The story takes place at a roadhouse, a
western-styled Bates Motel. It sits somewhere in the desert along a dusty road
that leads to California and its dreams of renewal in one direction and to some
far off, nondescript valley settlements in another. A mining camp that
vacillates between lingering death and renaissance is located somewhere not too
far up the road, and an impoverished Paiute band ekes out existence somewhere in
the surrounding hills and canyons.
At the roadhouse is a windmill and a
well. Together, they constitute the story’s fulcrum. The windmill furnishes
life-giving water aplenty but at a cost. The well, made unproductive by the
windmill, is a sepulcher. It smells like death, as well it should. Many bodies
lie at its bottom. For the life-giving water from the windmill, the roadhouse
operator charges exorbitantly. All travelers protest the unconscionable cost,
but almost all pay it. They are often invited in for a meal, cooked by a Paiute
woman who lives slave-like at the roadhouse. If travelers come in to eat, they
are directed first to a bowl with water and a towel, but no soap. Soap is for
sale, but only one traveler—the photographer—buys it. He will trade images for
its cost. Otherwise, the travelers’ hands, like their sins, remain unwashed.
The protagonist controls both the
windmill and the well. He is an evil, violent man who commits eleven murders on
stage and is undoubtedly guilty of others. The Indian woman who lives with him
is silent. He likely cut out her tongue, but we never find out for sure. She is
not without heart, however. She is kind to those who deserve it, especially
women.
Despite remoteness, many wayfarers arrive
at the roadhouse. The cast is as diverse as those in Bret Harte’s Outcasts
of Poker Flat. But only two besides the protagonist are particularly
important: the Paiute woman and a mail carrier who travels the road every few
days on his way from valley towns to mining camp and back again. Both are
symbolic. The Paiute woman, like so many Indian people in American history, has
no voice. But she perseveres. Often abused and beaten terribly, she is a
survivor. The man who carries the mail is a Shane-like character. He functions as
fate, conscience, justice, the means to resolution. Like Shane, however, he cannot
remain and must ride off into the sunset at the end.
The story is told in the first person
from the viewpoint of the roadhouse operator so, like it or not, we come to identify
with him. At times, he is a sympathetic character. He does not murder everyone who
comes to his roadhouse. In fact, he gives kindly aid to two Mormon missionaries
who make him think on religion, to three destitute children who win his father-like
sympathy, and to two families so honest, yet so pathetically down on their luck,
they gain his help. Other vignettes are equally curious: the three ladies of
the night who barter their pleasures for his exorbitant charges; the
photographer who does similarly but trades knowledge and photographs of the roadhouse
grounds, including the windmill and the well, for what he owes; and the
freighter who brings him much desired vegetables and foodstuffs.

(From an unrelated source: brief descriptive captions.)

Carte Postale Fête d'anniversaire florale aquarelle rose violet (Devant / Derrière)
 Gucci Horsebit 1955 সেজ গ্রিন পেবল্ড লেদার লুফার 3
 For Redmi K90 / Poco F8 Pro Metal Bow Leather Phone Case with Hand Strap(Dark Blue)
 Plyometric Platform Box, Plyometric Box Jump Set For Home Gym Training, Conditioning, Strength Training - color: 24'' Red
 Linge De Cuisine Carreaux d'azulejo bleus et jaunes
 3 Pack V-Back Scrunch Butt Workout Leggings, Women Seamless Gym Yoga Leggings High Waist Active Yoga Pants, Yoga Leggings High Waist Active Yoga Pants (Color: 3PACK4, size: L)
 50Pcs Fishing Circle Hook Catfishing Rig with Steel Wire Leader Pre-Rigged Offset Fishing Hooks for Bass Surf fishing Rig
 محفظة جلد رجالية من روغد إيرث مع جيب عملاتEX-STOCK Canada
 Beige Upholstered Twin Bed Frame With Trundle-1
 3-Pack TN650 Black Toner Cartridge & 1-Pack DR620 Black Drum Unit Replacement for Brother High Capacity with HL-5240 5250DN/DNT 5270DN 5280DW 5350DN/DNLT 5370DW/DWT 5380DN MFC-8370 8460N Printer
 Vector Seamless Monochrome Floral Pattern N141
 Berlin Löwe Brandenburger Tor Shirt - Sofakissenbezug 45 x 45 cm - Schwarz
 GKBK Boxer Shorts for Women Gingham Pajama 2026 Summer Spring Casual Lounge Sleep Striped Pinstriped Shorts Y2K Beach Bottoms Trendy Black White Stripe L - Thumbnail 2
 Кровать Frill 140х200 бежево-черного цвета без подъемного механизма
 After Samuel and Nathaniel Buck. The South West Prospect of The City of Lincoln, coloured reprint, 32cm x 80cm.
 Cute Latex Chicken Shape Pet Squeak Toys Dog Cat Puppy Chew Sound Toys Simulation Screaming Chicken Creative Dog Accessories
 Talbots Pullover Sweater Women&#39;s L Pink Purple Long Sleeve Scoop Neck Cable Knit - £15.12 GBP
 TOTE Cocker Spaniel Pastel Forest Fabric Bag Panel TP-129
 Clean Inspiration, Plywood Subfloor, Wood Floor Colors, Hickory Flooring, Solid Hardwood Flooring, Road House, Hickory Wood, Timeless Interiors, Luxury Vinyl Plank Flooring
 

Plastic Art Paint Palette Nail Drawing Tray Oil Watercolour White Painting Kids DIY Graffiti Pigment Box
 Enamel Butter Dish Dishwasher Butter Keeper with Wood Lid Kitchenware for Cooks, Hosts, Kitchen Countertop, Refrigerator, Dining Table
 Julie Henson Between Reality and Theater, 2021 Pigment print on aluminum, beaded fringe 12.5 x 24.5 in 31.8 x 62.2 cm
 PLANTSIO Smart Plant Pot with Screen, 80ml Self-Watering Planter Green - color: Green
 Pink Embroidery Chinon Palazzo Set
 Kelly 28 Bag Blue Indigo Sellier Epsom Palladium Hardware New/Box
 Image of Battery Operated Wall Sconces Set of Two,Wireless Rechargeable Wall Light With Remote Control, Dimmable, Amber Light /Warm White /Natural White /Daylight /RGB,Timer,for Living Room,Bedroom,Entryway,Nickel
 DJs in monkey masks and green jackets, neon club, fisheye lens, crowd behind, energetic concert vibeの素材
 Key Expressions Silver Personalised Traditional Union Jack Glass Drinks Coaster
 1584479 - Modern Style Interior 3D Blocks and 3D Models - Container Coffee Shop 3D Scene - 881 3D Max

The story almost seems Manichean, but
it is too complex for that easy interpretation. Rather, as with Shakespeare’s
Hamlet, dreams haunt the protagonist’s sleep. Interludes of flashbacks indicate
a violent past not of his doing. So, we are not without sympathy, but we are
morbidly intrigued. Like a disaster unfolding in real time, we cannot look
away.
It is a cliché, but this is the kind of
book you cannot put down. It is lean; Rod Miller does not waste words. Yet the
story abounds with detail—about food and cooking, about how liquor coats a
glass, about how people look—and don’t look—at each other, about how wagons are
pieced together and taken apart, about how horses and mules are constituted and
act, about telling silences amid edgy conversations. Told with such verve and
knowing detail, the story brings characters without names and distinct faces
clearly to life. The action is swift, the western scene spare and tense, the
whole, as Loren Estleman says, remarkable in its historical accuracy and stunning in its immediacy.